Hacker News new | ask | show | jobs
by p_ing 498 days ago
UAC provides just-in-time elevation. The user belongs to the 'admin' group (aka wheel) and only receives an admin token when performing a task that requires elevation. Once the task is complete, the token is destroyed.
2 comments

> Once the task is complete, the token is destroyed.

It's less granular than a task though, it's an execution context. If you're running Notepad++ and it wants to update, it requires an elevation. The installer is now running in an admin context and can do whatever it wants, once it's finished installing it usually asks if you want to launch Notepad++ again. At that point the installer running in the admin context can launch Notepad++ within that admin context.

Thus there's a potential for the admin context to persist indefinitely.

In my mind, tasked based elevation is more granular. Something like "I need to write to the program files directory" and not a carte blanche "gimmie admin access to do whatever the hell I want".

Sorry, I'm confused. I can't figure out from your explanation how the new adminless just-in-time elevation is supposed to be different from UAC's just-in-time elevation?
As far as I can tell, the difference is this:

UAC is per-process and monotonic. Once elevated, the entire process stays elevated.

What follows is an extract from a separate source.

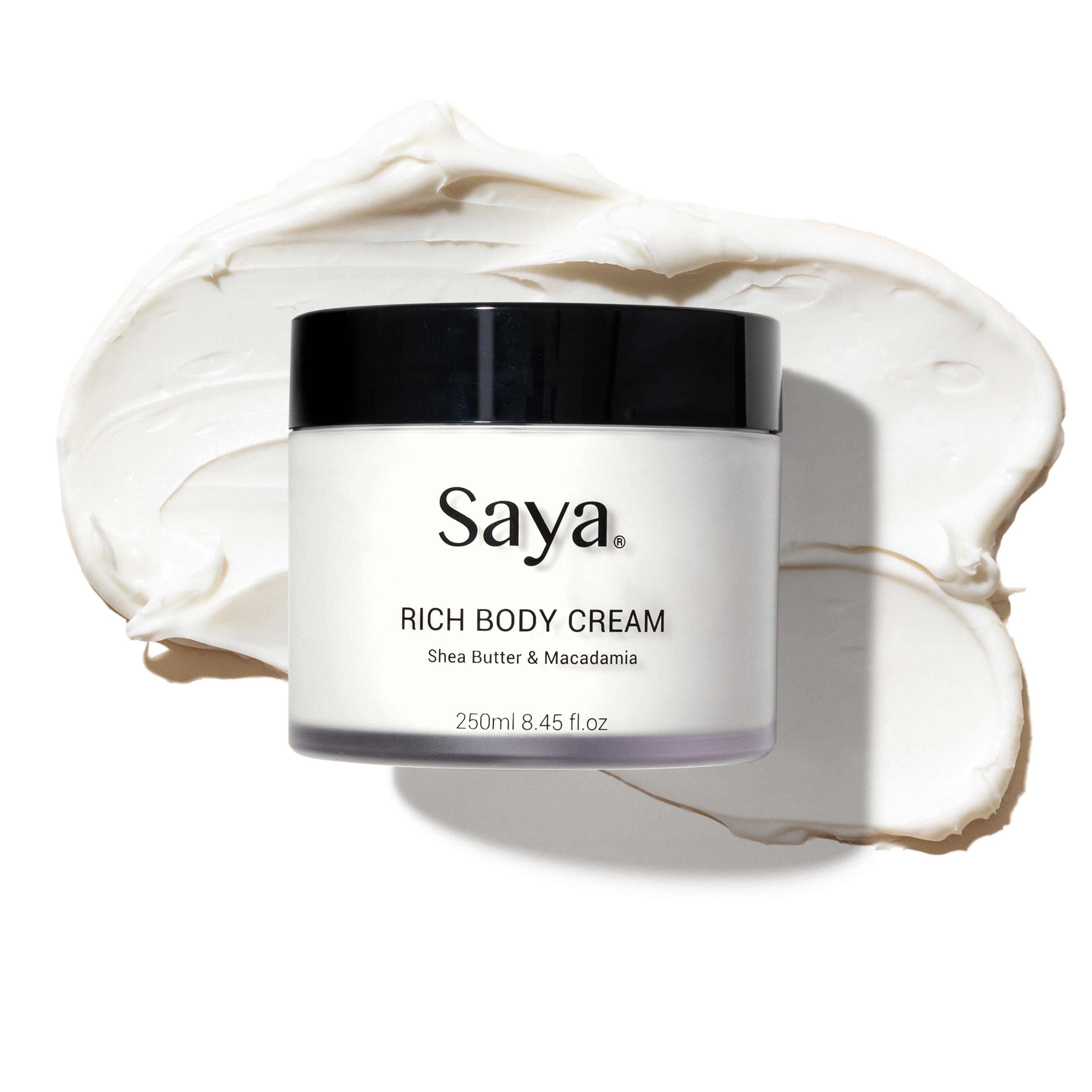 Rich Body Cream with Shea Butter, Macadamia Oil & Cocoa Butter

The new model is per-operation. Even if the same process has been allowed to elevate before, it must ask to do it again. I don't know how granular this is, and whether there's a grace period like sudo.

However, the biggest problem with UAC was that it was considered too noisy for the end user, leading to people just blindly accepting every dialog and Microsoft turning down the default level to the much less secure "don't always prompt". I don't know how this new model will address that problem; naively, it seems to be worse on this front.

Huh. In that case, the upthread commenter likening the new model to being more "linux-like" seems confusing.

Given that they didn't mention which Linux security model the new system was like, I presumed they meant the most commonly referenced model for performing administrative tasks: sudo/doas - which elevates a process for its entire runtime.

But if it's a per-operation model, I guess they might have been comparing it to the "desktop portal"/"policykit-dbus" model instead? Which does kind of fit, but I don't think is the security model that most people think of when someone says "linux-like just-in-time escalation"?